John Kelly, Dictionary.com’s associate director of content and education, said:
“This year, we saw a lot of businesses and organizations very prominently, publicly, beginning efforts to promote diversity, equity and inclusion. Allyship is tied to that. In the classroom, there is a flashpoint around the term critical race theory. Allyship connects with this as well.”
Kelly stated that searches for the word “ally” rose considerably in 2020 and 2021 and was in the top 850 searches this year. The site “broadened the definition of ‘ally’ to include the more nuanced meaning,” according to the AP. The site also added “DEI” and “Critical Race Theory” this year.
The AP reported:
Among the example’s [sic] of how to use the word in a sentence cited by Merriam-Webster is this one written by Native activist Hallie Sebastian: “Poor allyship is speaking over marginalized people by taking credit and receiving recognition for arguments that the unprivileged have been making for their entire lives.”

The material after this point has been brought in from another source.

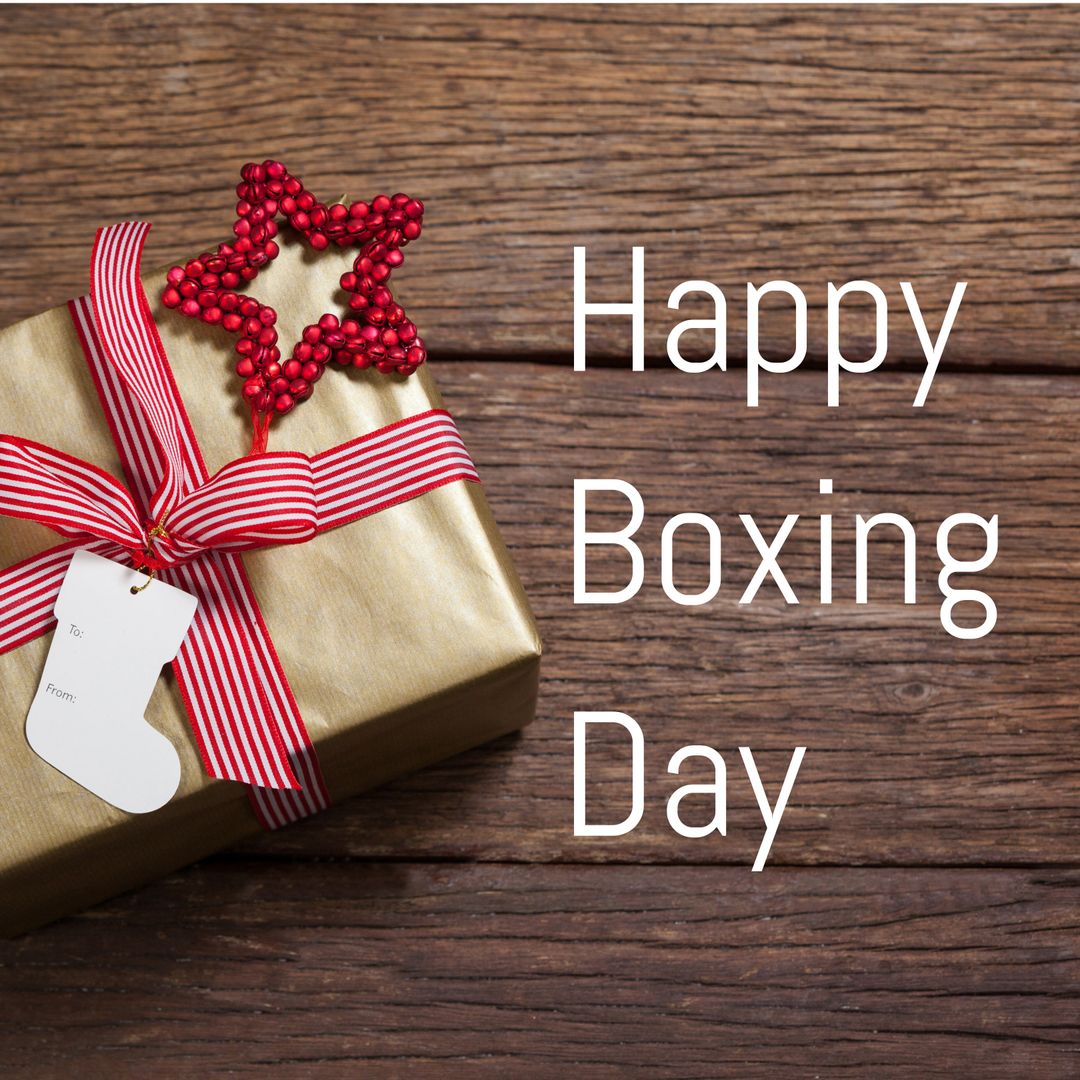 Festive Boxing Day Gift with Red Ribbon and Star Decorations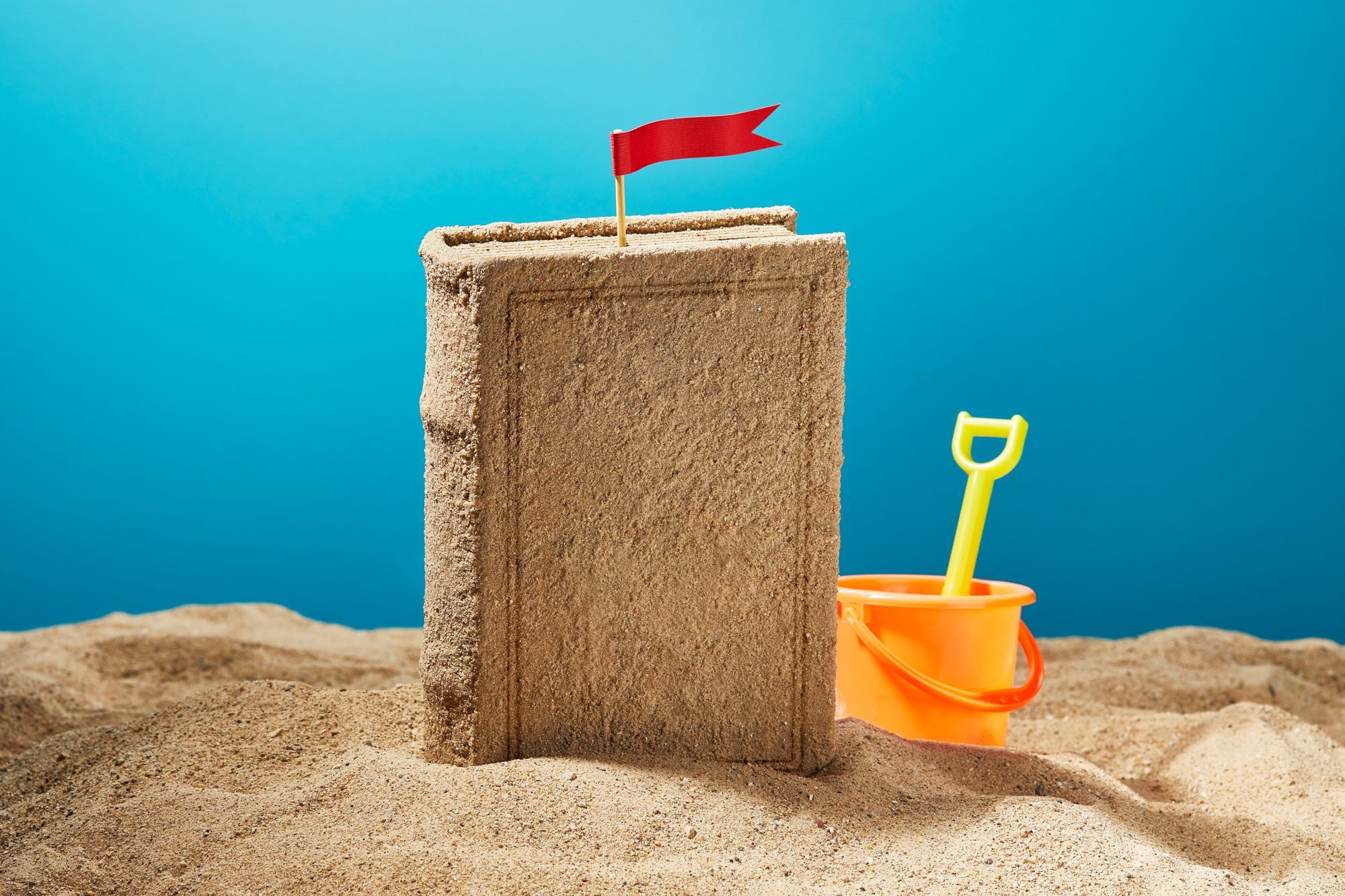 a "sand castle" made in the shape of a book stands up from the sand with a red flag on top. orange pail and yellow shovel is nearby. blue background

This is not the first time the site has been political with its Word of the Year. In 2018, they chose the term “misinformation,” which might appear to be benign, but those on the right know that the left applies that label to viewpoints that contradict their own — not actual false information.
I know what you’re thinking: “But Jeff, how can you possibly know if Dictionary.com uses the left’s version of the word.”
Well, dear reader, we can easily see this in the examples they use to illustrate the definition. The site singled out Cambridge Analytica, which “harvested personal data on Facebook to create in-depth psychological profiles of individuals, which were used to influence the Brexit vote and the US election,” according to the site.
The article also said:
The subsequent spread of misinformation contained in memes can have serious, even violent consequences. Cesar A. Sayoc Jr., who was charged with sending 13 bombs in the mail to outspoken opponents of President Trump this October, drove a white van with memes plastered on the windows. His actions were stoked by the messaging common in political memes which often spread misinformation.
Pretty interesting that they did not bother to list an example of misinformation coming from the left, isn’t it?
In 2017, the Word of the Year was “complicit.”
Those who remember “Saturday Night Live’s” silly skit blaming Ivanka Trump because her father is a big meanie. The article said:
The first spike in searches for complicit was on March 12, with a 10,000% increase in daily average lookups. This was the day after Saturday Night Live aired their satirical ad featuring Scarlett Johansson playing Ivanka Trump, hawking a perfume called Complicit. This scent was marketed as “The fragrance for the woman who could stop all this, but won’t.”
The label was also applied to former EPA chief Scott Pruitt when former President Donald Trump decided to pull the U.S. out of the useless Paris Climate Agreement:
Climate change has been thrust into the spotlight this year with President Trump’s decision to withdraw the US from the Paris Climate Agreement. Additionally, the new EPA chief Scott Pruitt has been complicit in his refusal to acknowledge that humans play a primary role in climate change.
But despite their attempts to play to the woke crowd, choosing the word “allyship” is particularly interesting given the reality that most high-profile individuals and corporations to whom it would apply are not exactly as adamant about protecting the oppressed as it might seem. Take other woke corporations for example.
A report published earlier this year showed that out of the combined $50 billion pledged by major corporations to supposedly promote racial “equity,” only a small fraction had been allocated or spent for this purpose.
But what about supposed “allies” in government? High-profile white progressives have done a decent job of convincing the nation that they actually care about black and brown Americans. But then they push for measures like “Defund the Police,” which has gotten a disturbing number of minorities killed.
Of course, this is not to say that there aren’t genuine allies out there working to help their fellow Americans. Even during the Civil Rights Movement, plenty of white Americans marched with Dr. Martin Luther King Jr. But unfortunately, it seems today’s version of allyship is more performative than authentic. As long as the hard left dominates the conversation on race, this will always be the case.